# WHAT IS NEEDED
Exclude the pictures, and otherwise reproduce the data in full.

# INPUT DATA
-=-=-
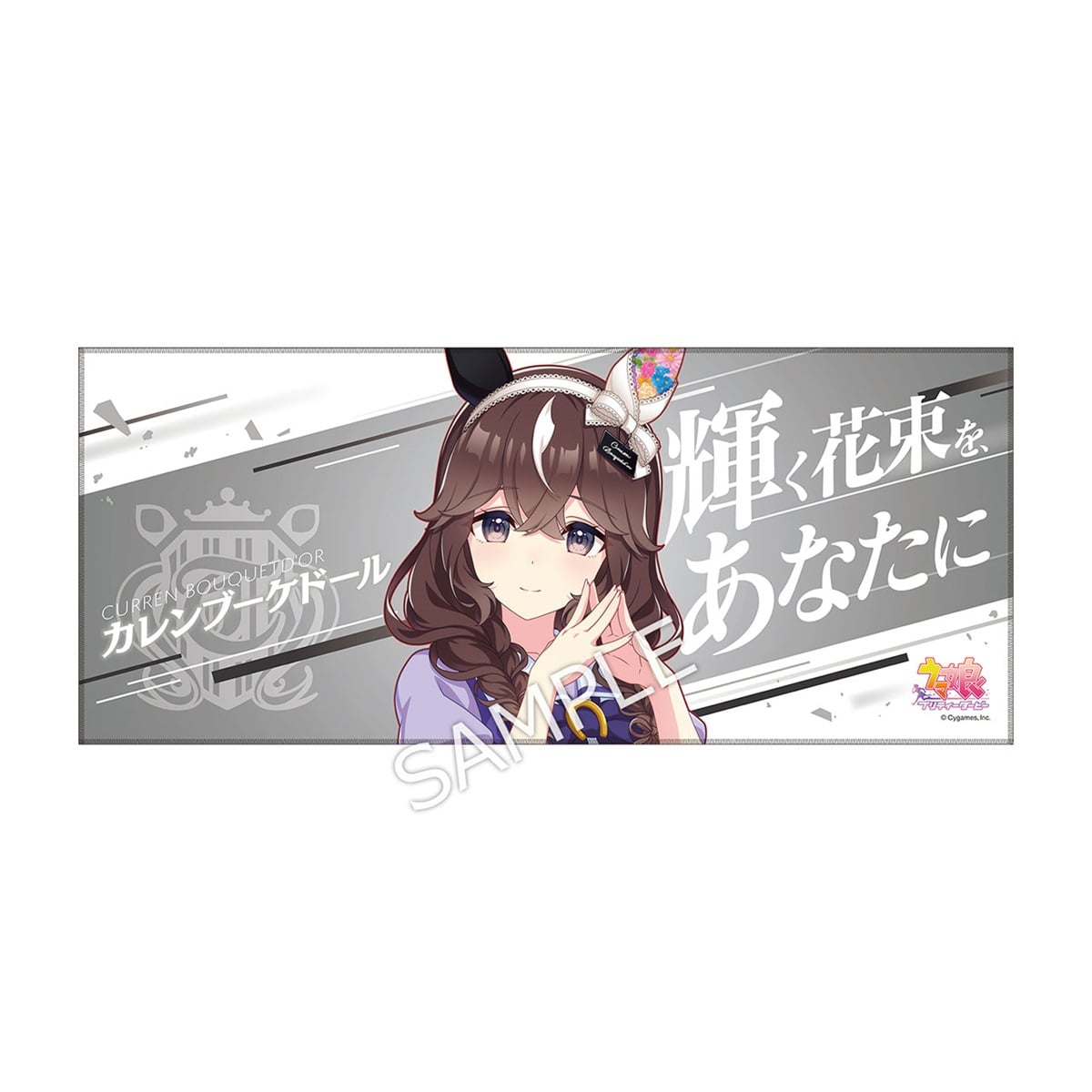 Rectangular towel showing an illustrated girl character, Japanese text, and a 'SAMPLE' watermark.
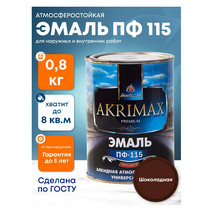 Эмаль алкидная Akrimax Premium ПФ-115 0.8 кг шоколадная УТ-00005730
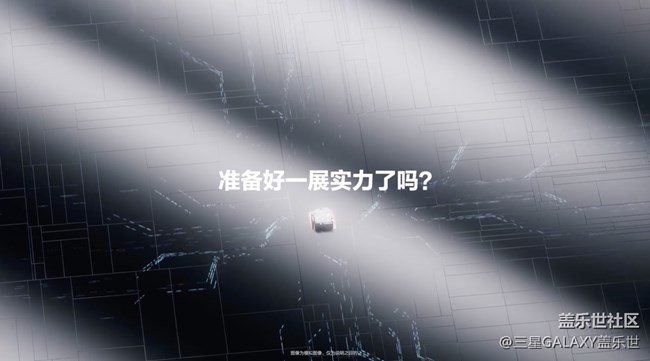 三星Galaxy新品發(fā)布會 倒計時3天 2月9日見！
-=-=-
# RESULT
 Rectangular towel showing an illustrated girl character, Japanese text, and a 'SAMPLE' watermark.
 Эмаль алкидная Akrimax Premium ПФ-115 0.8 кг шоколадная УТ-00005730
 三星Galaxy新品發(fā)布會 倒計時3天 2月9日見！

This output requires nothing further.